Tax Tips



The Price of Not Reporting Stock Options
Subject: Stock Options/Penalties
Number: 05-10
Date: 3/25/2005
A taxpayer is required to include the proper amount in income even if no slip has been issued.

A recent tax court case is a warning to taxpayers who assume that, if their employer does not issue a slip, the related income need not be reported. Forty-six Pfizer Canada employees exercised stock options from 1993 to 1997. Twenty-three of them did not report the benefits related to the exercise of their stock options in their tax returns. The stock options that were exercised were options to acquire shares of Pfizer U.S.A., not Pfizer Canada. For reasons of confidentiality, U.S.-based employees of Pfizer dealt with the stock options. However, Canadian-based employees processed the T4 (employment income) slips. Consequently, no T4 slips were issued in respect of the stock option benefits even though they were taxable in Canada.

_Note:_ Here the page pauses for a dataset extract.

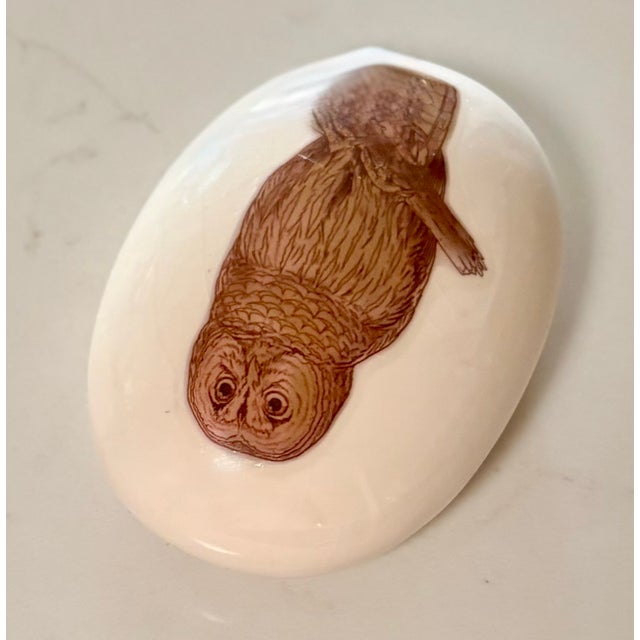 This vintage ceramic paperweight, shaped like an oval egg. features a detailed brown ink illustration of a barred owl...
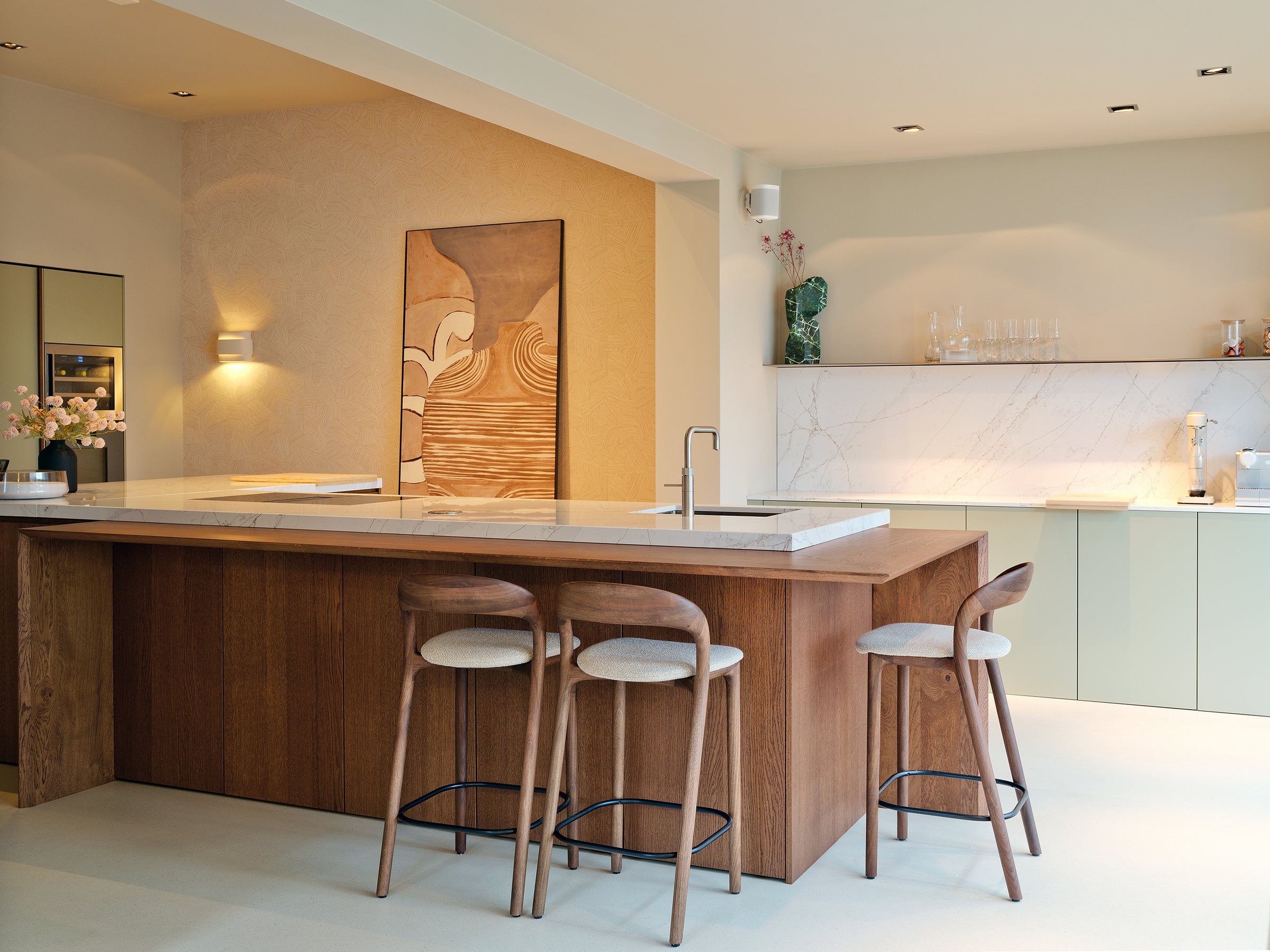 Een keuken met zitgedeelte op hoogte eettafel. Lage bar met comfortabele krukken. Eten aan je kookeiland.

The CRA discovered that the 23 individuals did not report their stock option benefits when their employer, Pfizer Canada, was audited.

The CRA attempted to open the individuals' statute-barred years, pursuant to subsection 152(4) of the Income Tax Act, and also applied gross negligence penalties under subsection 163(2).

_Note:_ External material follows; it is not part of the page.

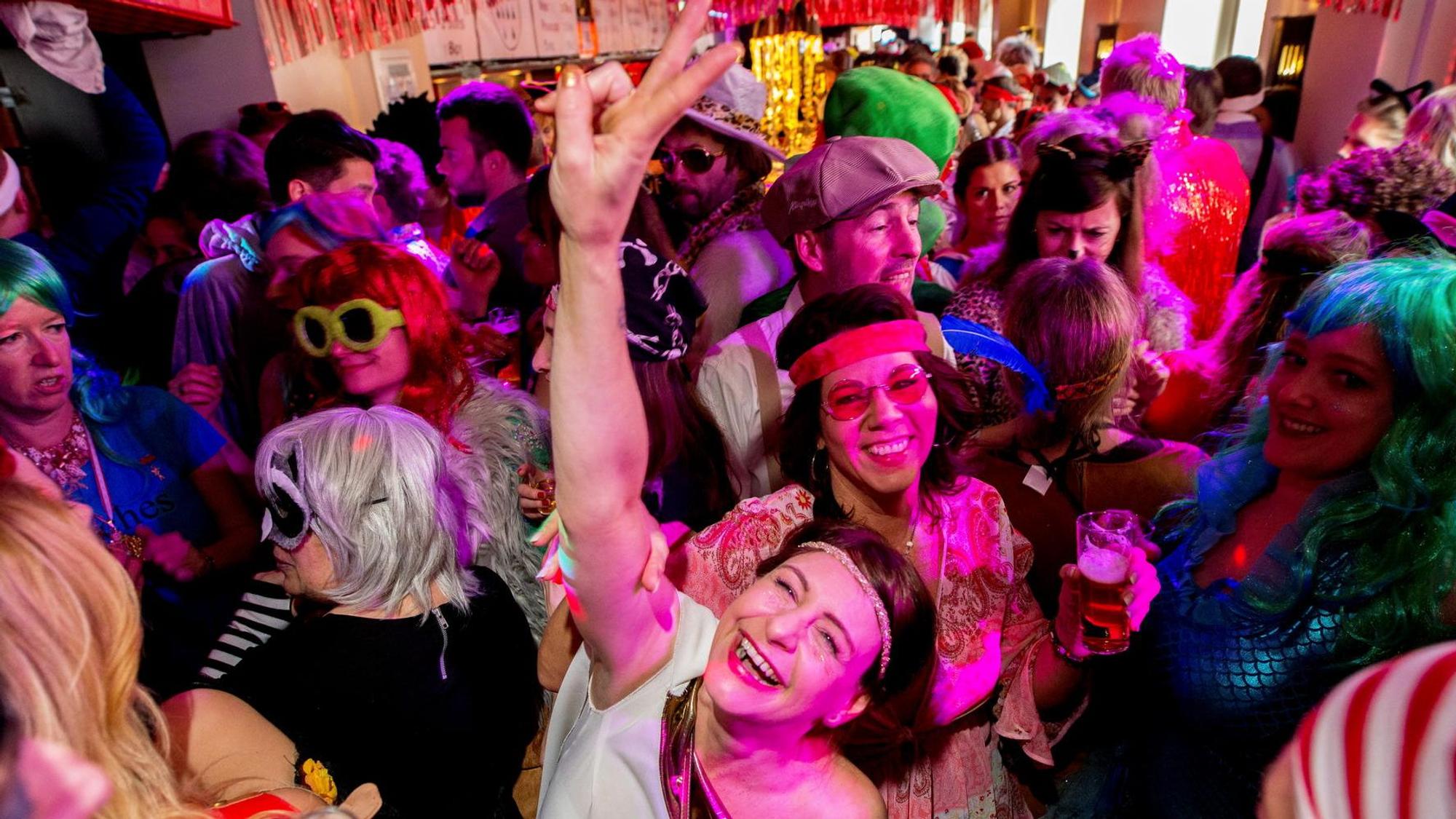 Menschen feiern bunt kostümiert beim Kneipenkarneval.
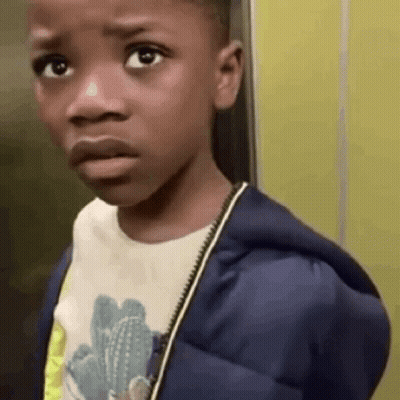 A Young Boy Wearing A Blue Jacket And A White Shirt Is Making A Funny Face . GIF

The taxpayers argued that because no stock option benefit was included on the T4, they believed that they did not have to include any amounts in income. They also claimed that section 7, which deals with stock option benefits, was a complicated provision and it would be unfair to penalize them for gross negligence because they did not understand the technicalities of that section. The taxpayers also argued that they did not intentionally omit the unreported income.

Unfortunately, the Court was provided with written evidence that all of the employees were told to consult a tax advisor to determine the implications of the stock option exercise and sale. The Court was not impressed with the other arguments and allowed the CRA to open the statute-barred years and to apply penalties under subsection 163(2).

The lesson to be learned is that each taxpayer is responsible for correctly reporting his/her income. Relying on the employer corporation to calculate their income does not absolve an individual from reporting income correctly. Moreover, taxpayers at a certain level of sophistication are expected to consult tax professionals. Not doing so can result in the application of penalties, as was the case here.